Which lines run from the one containing "Люстра светодиодная потолочная" through the end of the data? Write them out exactly, with the pictures left out.
─── Dataset excerpt
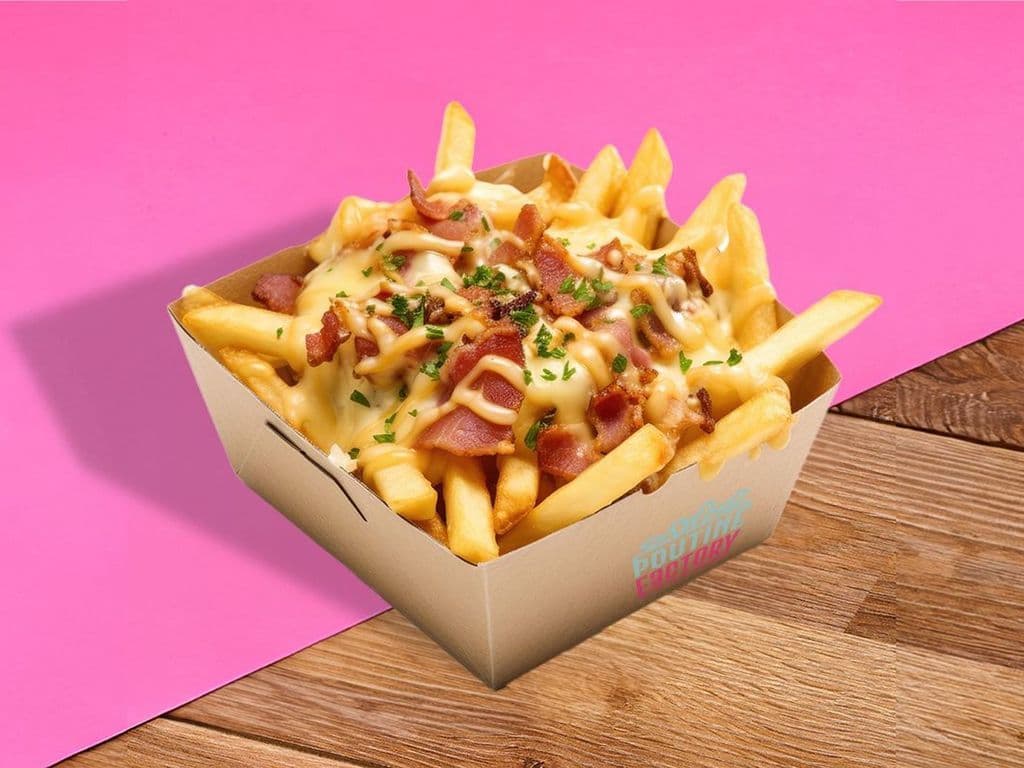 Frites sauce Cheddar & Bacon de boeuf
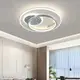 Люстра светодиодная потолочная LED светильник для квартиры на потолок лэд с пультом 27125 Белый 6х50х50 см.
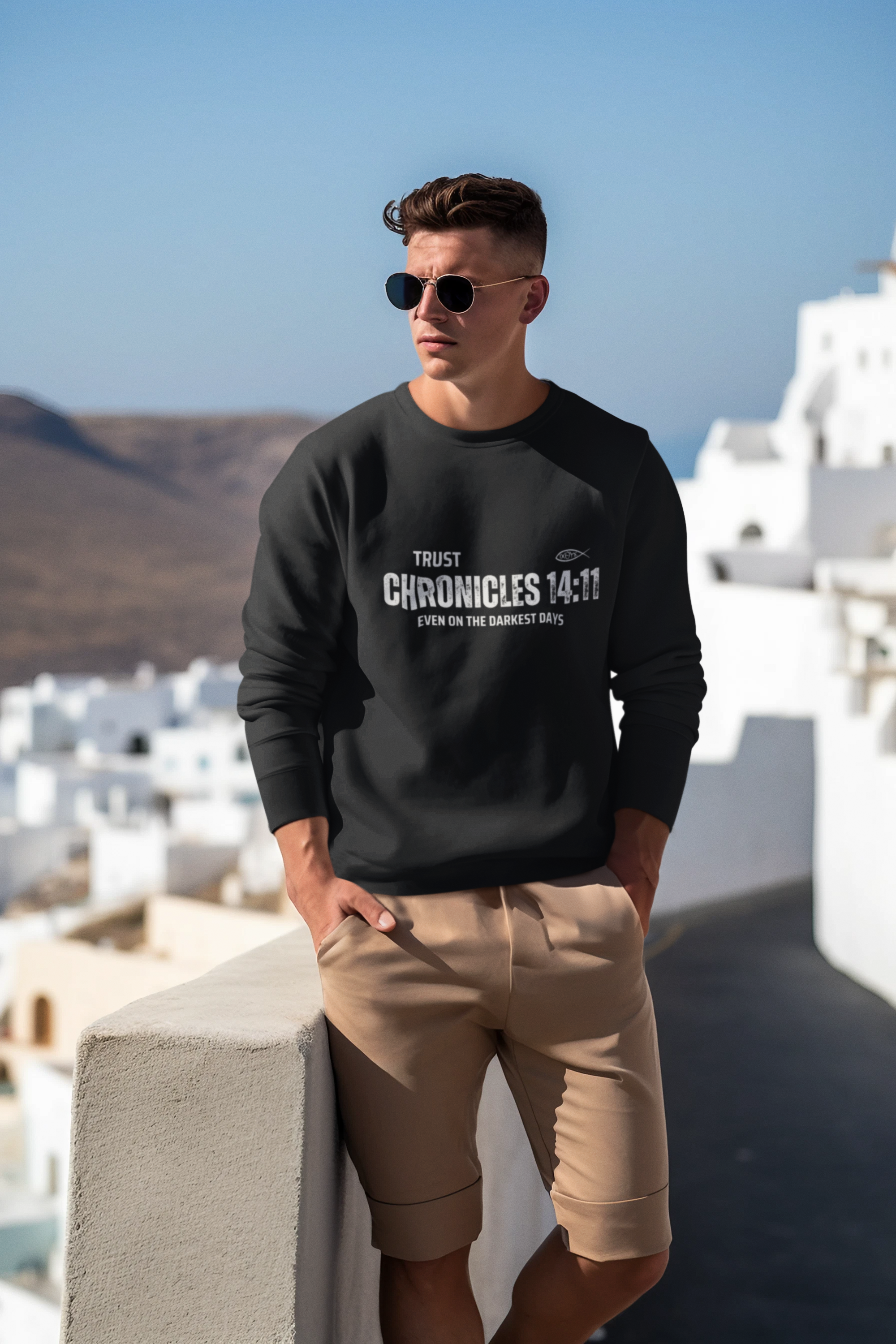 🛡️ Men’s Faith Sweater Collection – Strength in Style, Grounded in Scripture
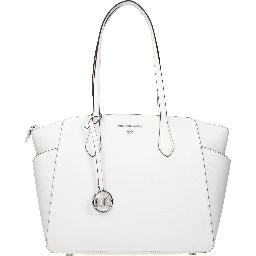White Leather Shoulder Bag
──────
◆ Answer box ◆
 Люстра светодиодная потолочная LED светильник для квартиры на потолок лэд с пультом 27125 Белый 6х50х50 см.
 🛡️ Men’s Faith Sweater Collection – Strength in Style, Grounded in Scripture
White Leather Shoulder Bag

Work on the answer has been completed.